The AI reads your file names and function names as context clues. Descriptive naming eliminates entire categories of errors.

  • useProjectListFilters() — the AI knows this hook manages filter state for a project list
  • formatCurrency(amount, locale) — the AI knows this is a pure formatting function
  • ProjectCard.tsx — the AI knows this renders a single project as a card component

Vague names like utils.ts, helpers.ts, or useData() give the AI no context clues, and it generates code that’s equally vague.

Principle 4: README Per Feature

Each feature folder gets a 10–20 line README that describes the feature’s purpose, data flow, and key decisions. This isn’t documentation for humans (though it helps) — it’s context for AI.

When I open a feature folder in Cursor and the README is automatically included in context, the AI understands the bigger picture before I ask my first question. It knows which API endpoints exist, how state flows through the feature, and what patterns to follow.

Principle 5: Constraint Files

A .cursorrules file (or similar) in the project root provides persistent context that shapes every AI response. I use mine to encode project-wide constraints:

# Project constraints
- Use TypeScript strict mode
- Components use Tailwind CSS only — no CSS modules or styled-components
- Data fetching through service files, never directly in components
- All components must accept a className prop for composition
- Error boundaries wrap every page component
- No barrel exports (index.ts re-exports) — import from source files directly

These constraints prevent the most common AI code drift: style system mixing, inconsistent data fetching patterns, and barrel export chains that obscure where code actually lives.

Principle 6: Small, Typed, Pure

The ideal file for AI consumption is small (under 150 lines), fully typed (TypeScript with strict mode), and pure (one clear responsibility, explicit inputs and outputs, no hidden side effects).
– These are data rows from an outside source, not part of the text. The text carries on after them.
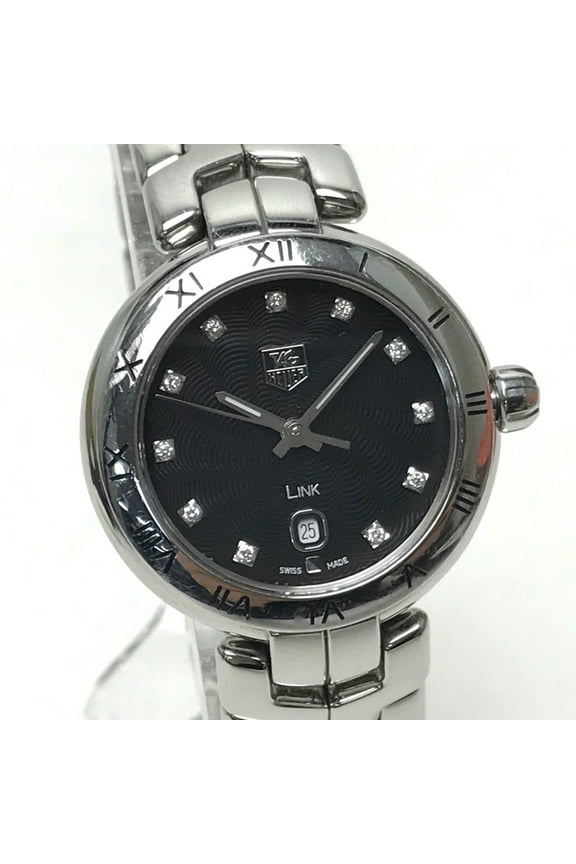Pre-Owned Tag Heuer WAT1410.BA0954 Link Quartz date Wristwatch Silver Black (Good)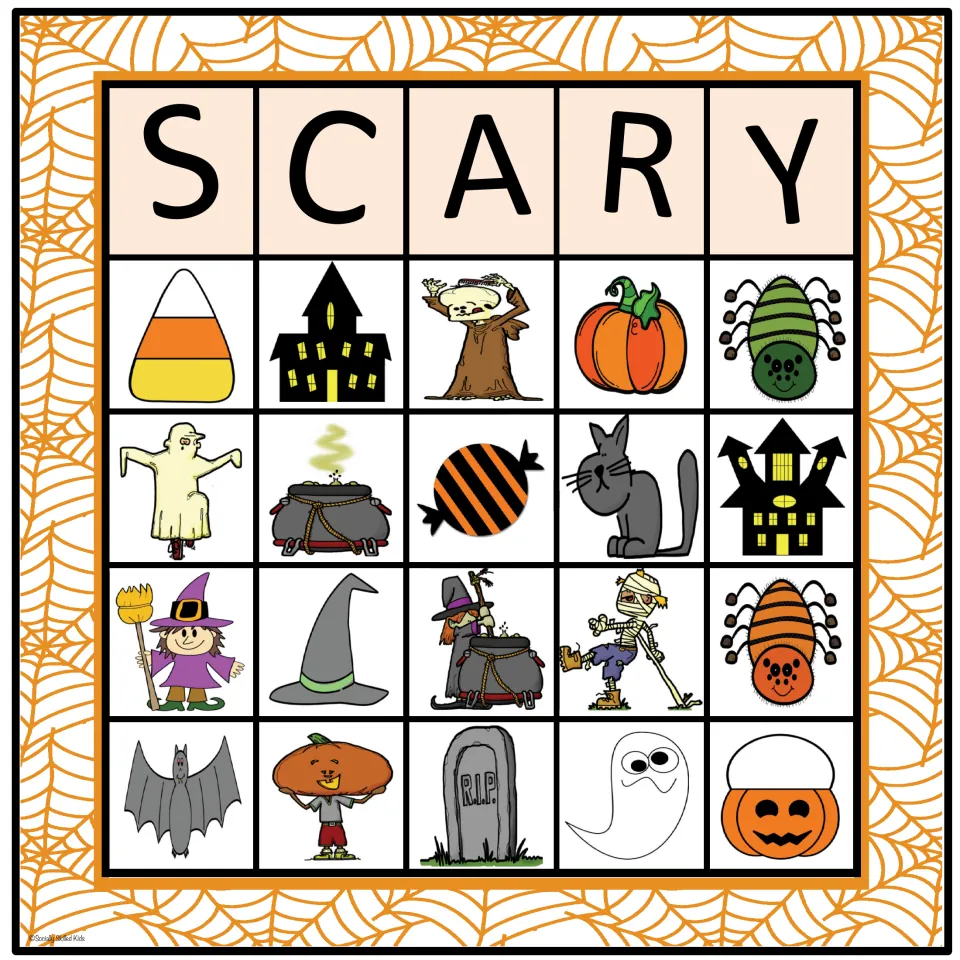 SCARY board 5 in color: Halloween clip art to match, top row candy corn, haunted house, tree monster, pumpkin, green spider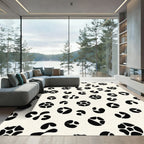 Cream Black Scattered Spots Rug
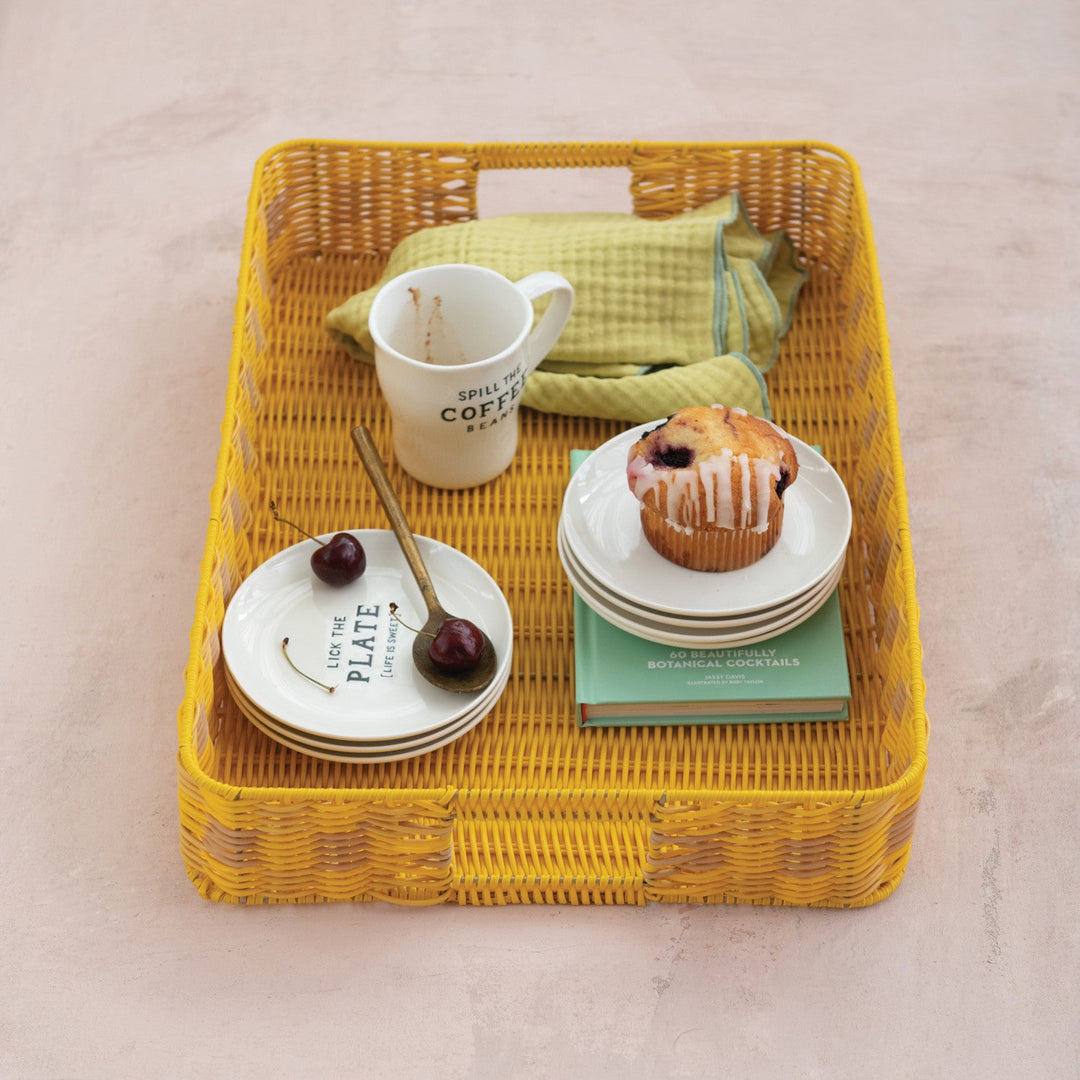 Woven Plastic Tray w/ Handles - Whats New Furniture - Portland, Oregon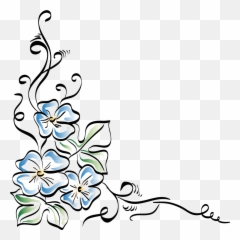 Flowers Corner Nature - Border Design Black And White png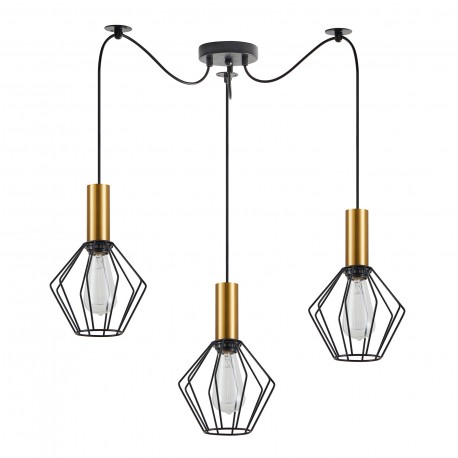 77-8619 SE21-GM-4-BL3-GR1 ADEPT TUBE Gold Matt Pendant Black Metal Grid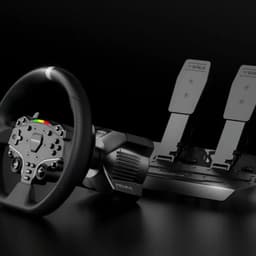 Moza Racing R3 - Volante y pedales para PC con aro ergonómico, luces LED, botones accesibles y pedales metálicos ajustables en base robusta negra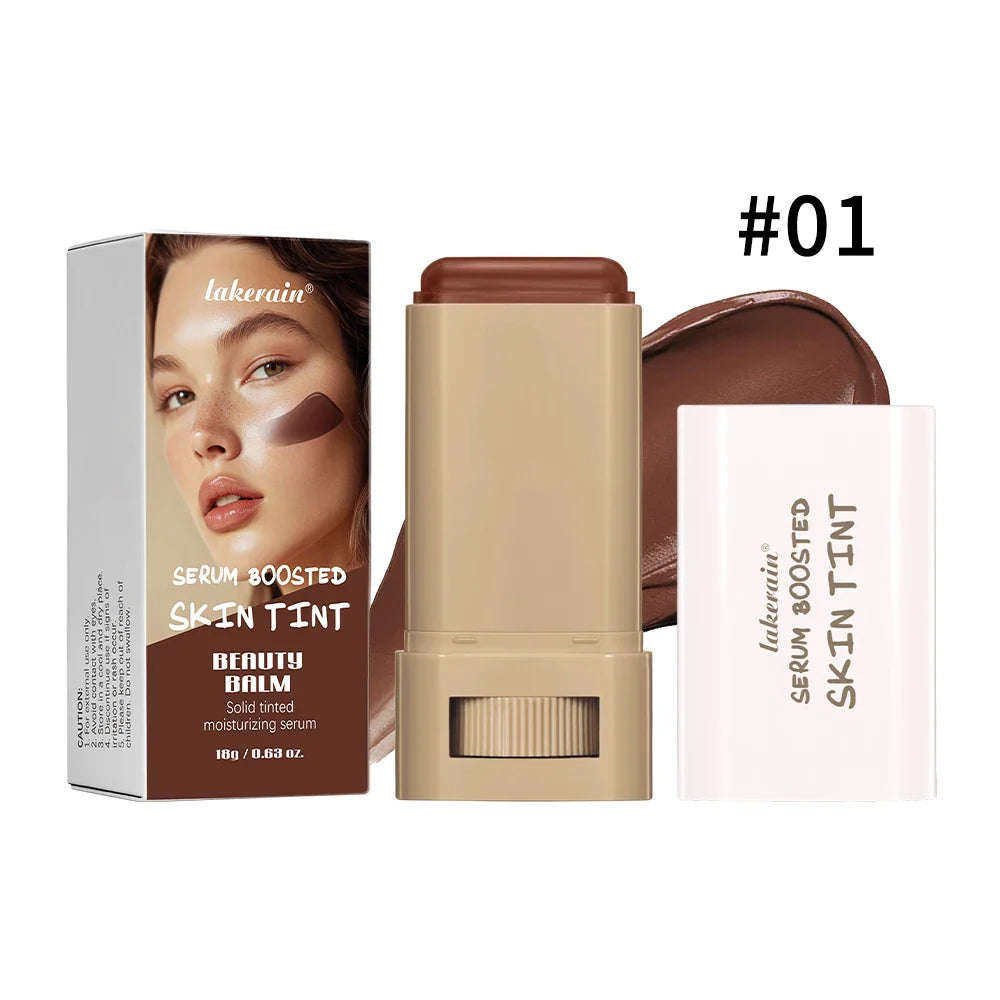Skin Tint Foundation Stick Eraser Concealer Foundation Stick Serum Boosted Smooth Plumper Hight Coverage Travel Bronze Foundatio LadyShow.Store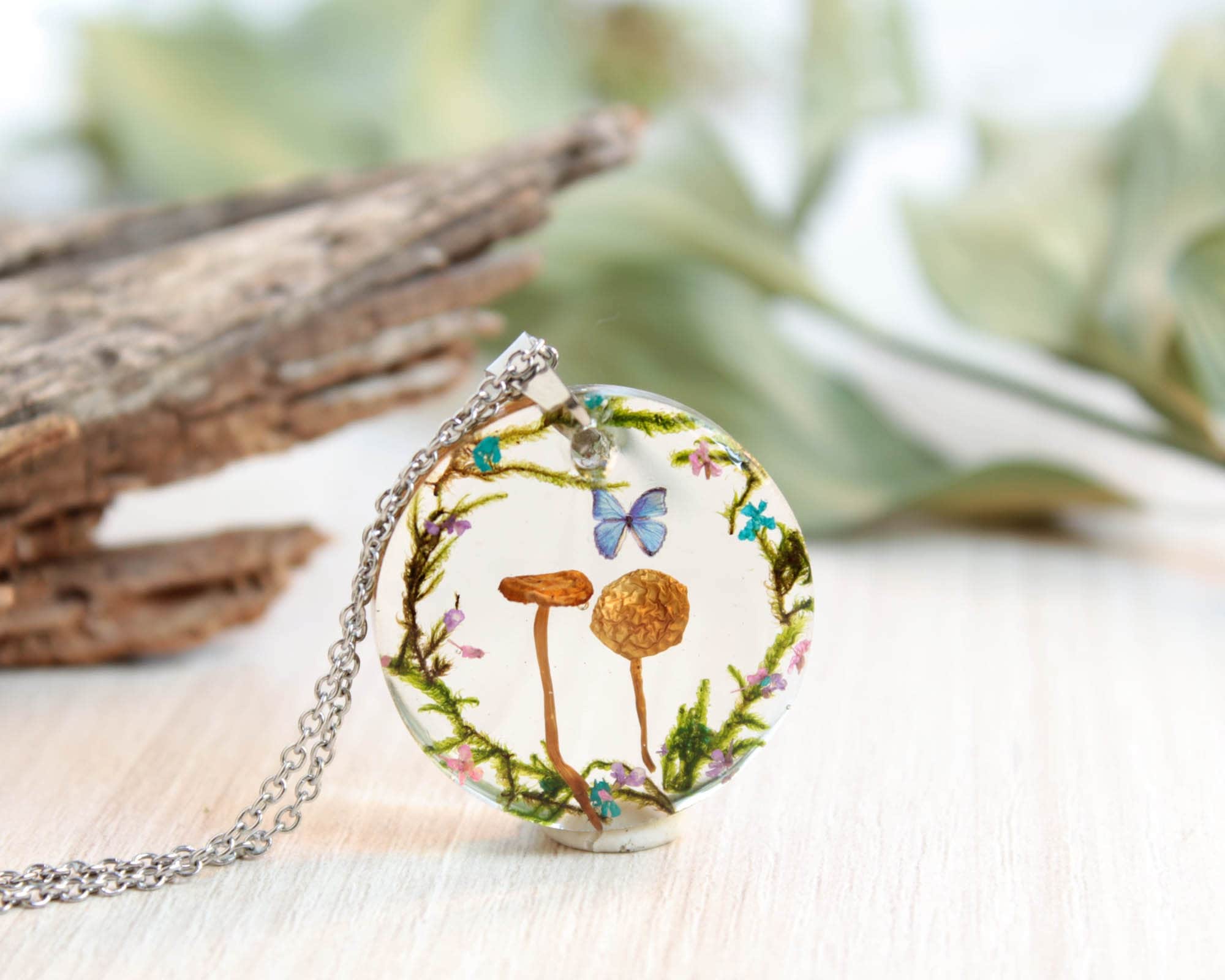 Mushroom resin necklace discount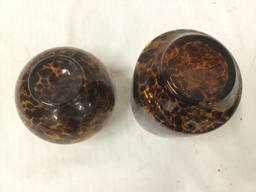 2 vintage tortoise shell design glass bottle vases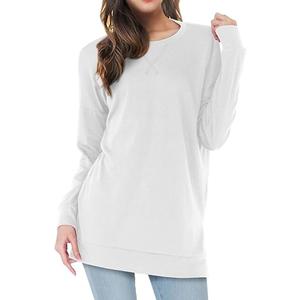 Womens Fall Long Sleeve Cotton Loose Comfy Casual Tunic Tops, L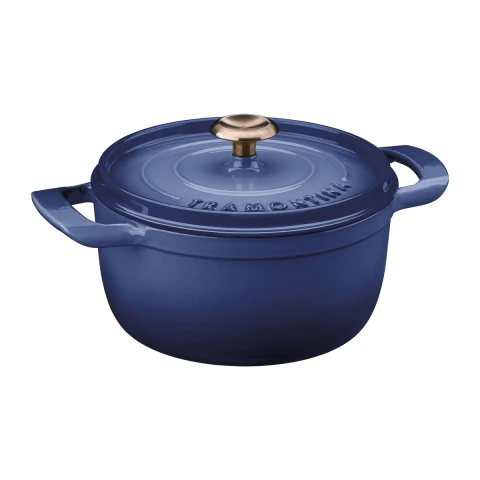 Caçarola Tramontina Ampezzo Ferro Fundido Esmaltado Azul 26 cm 5,6 L Tampa Com Saliências Indução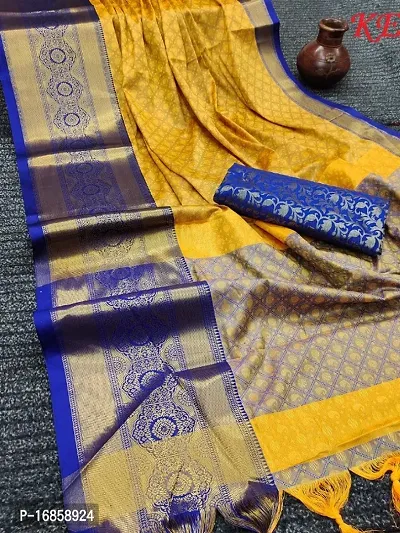 Traditional Cotton Silk  Saree with Tussle-thumb0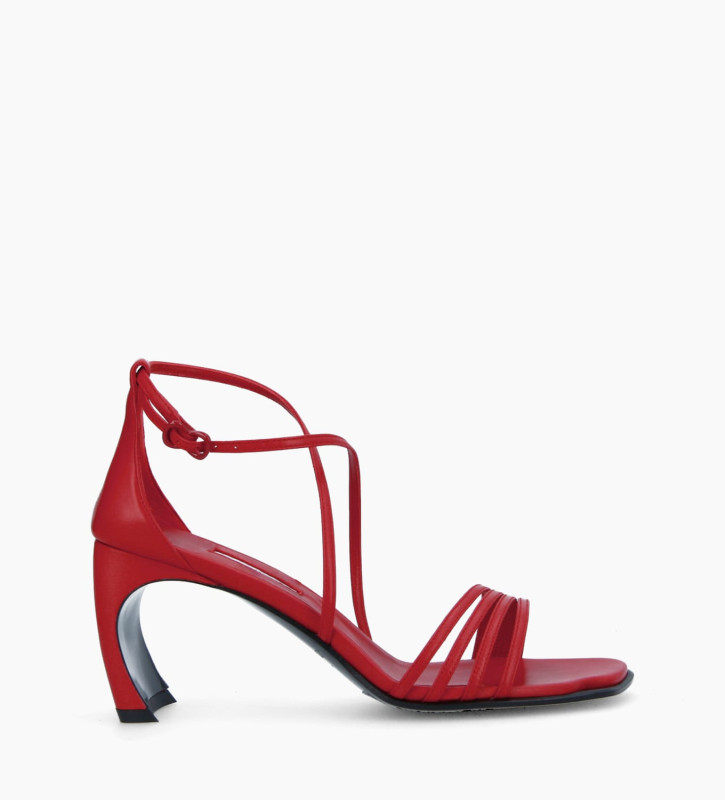 FREE LANCE Heeled cross straps sandal - Cambre 70 - Nappa lambskin leather - Red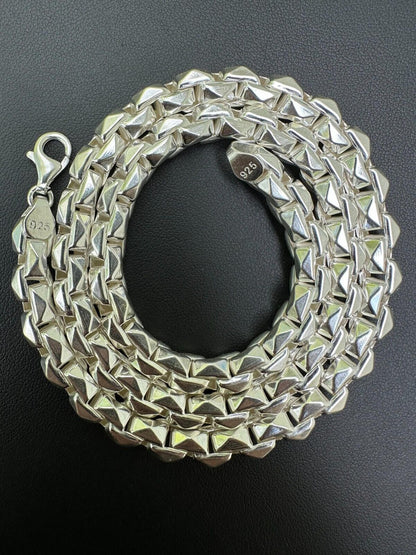 Puffed Triangle Rolo Chain Necklace Or Bracelet - Hollow 925 Sterling Silver - 7"-28" - 6mm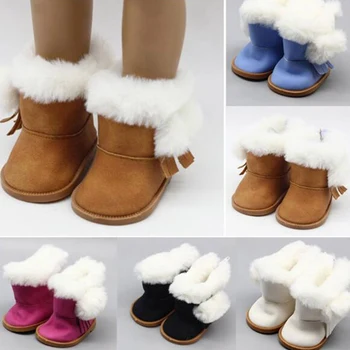 

1 Pair BJD Plush Winter Snow Boots For 43cm Baby Dolls As For 18 Inch Girl Dolls Mini Shoes For Christmas Gift Toy Socks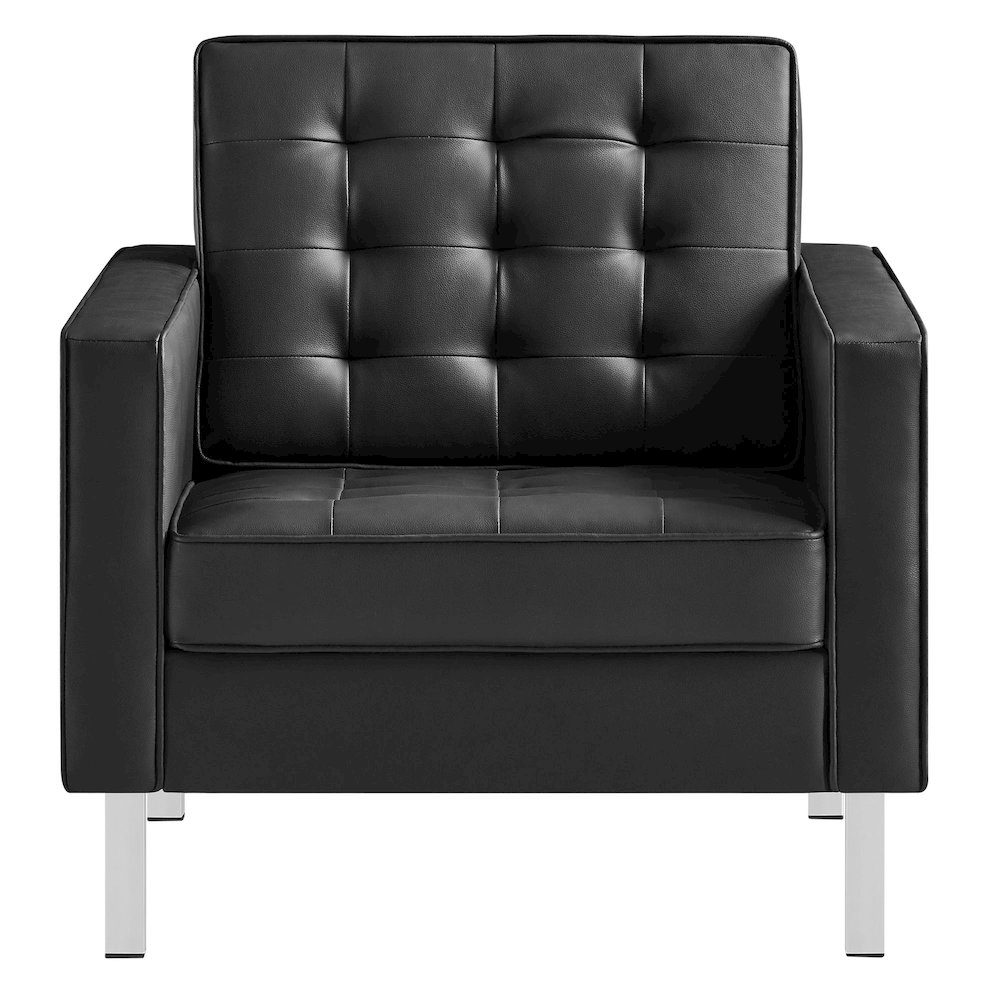 Loft Tufted Vegan Leather Armchair. Picture 6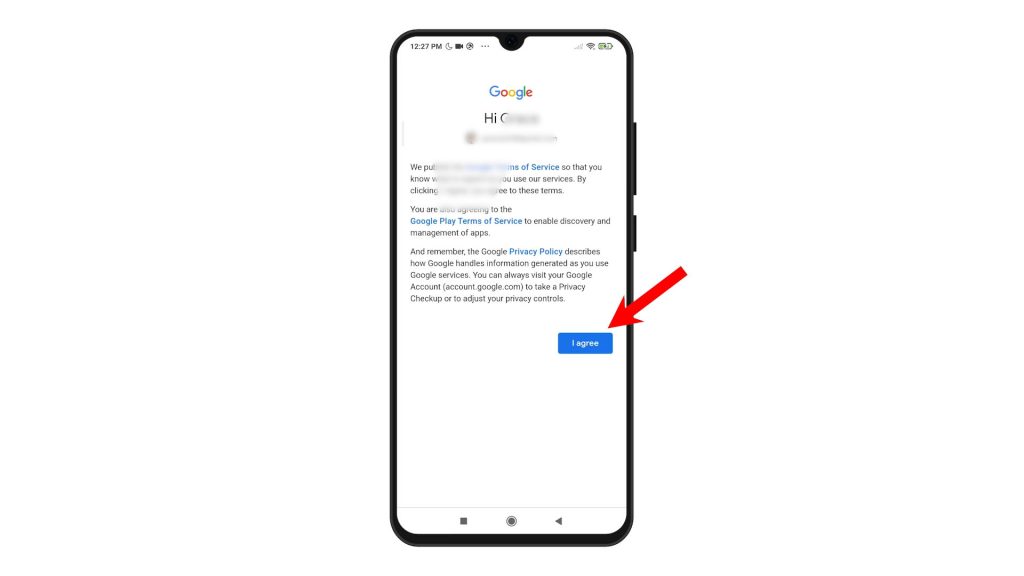 set up gmail account redmi note8pro iagree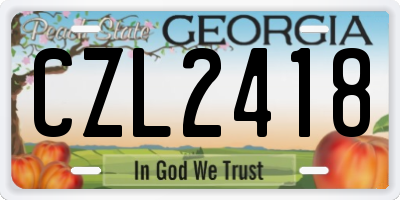 GA license plate CZL2418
Files that match this profile get correct AI-generated modifications ~90% of the time. Files that don’t — large, loosely typed, with mixed concerns — get correct modifications maybe 40% of the time. That 50% accuracy gap is the difference between productive AI-assisted development and frustrating debugging sessions.

The Meta-Insight

Prompt architecture isn’t just about AI. Every principle listed here — exemplar files, co-located types, descriptive naming, feature READMEs, constraint files, small/typed/pure modules — also makes codebases better for human developers. New team members onboard faster. Code reviews are easier. Bugs are more isolated.

Optimizing for AI readability and optimizing for human readability are the same thing. A codebase that an AI can understand in 150 lines of context is a codebase that a human can understand in 5 minutes. This isn’t a coincidence — it’s the fundamental insight behind prompt architecture.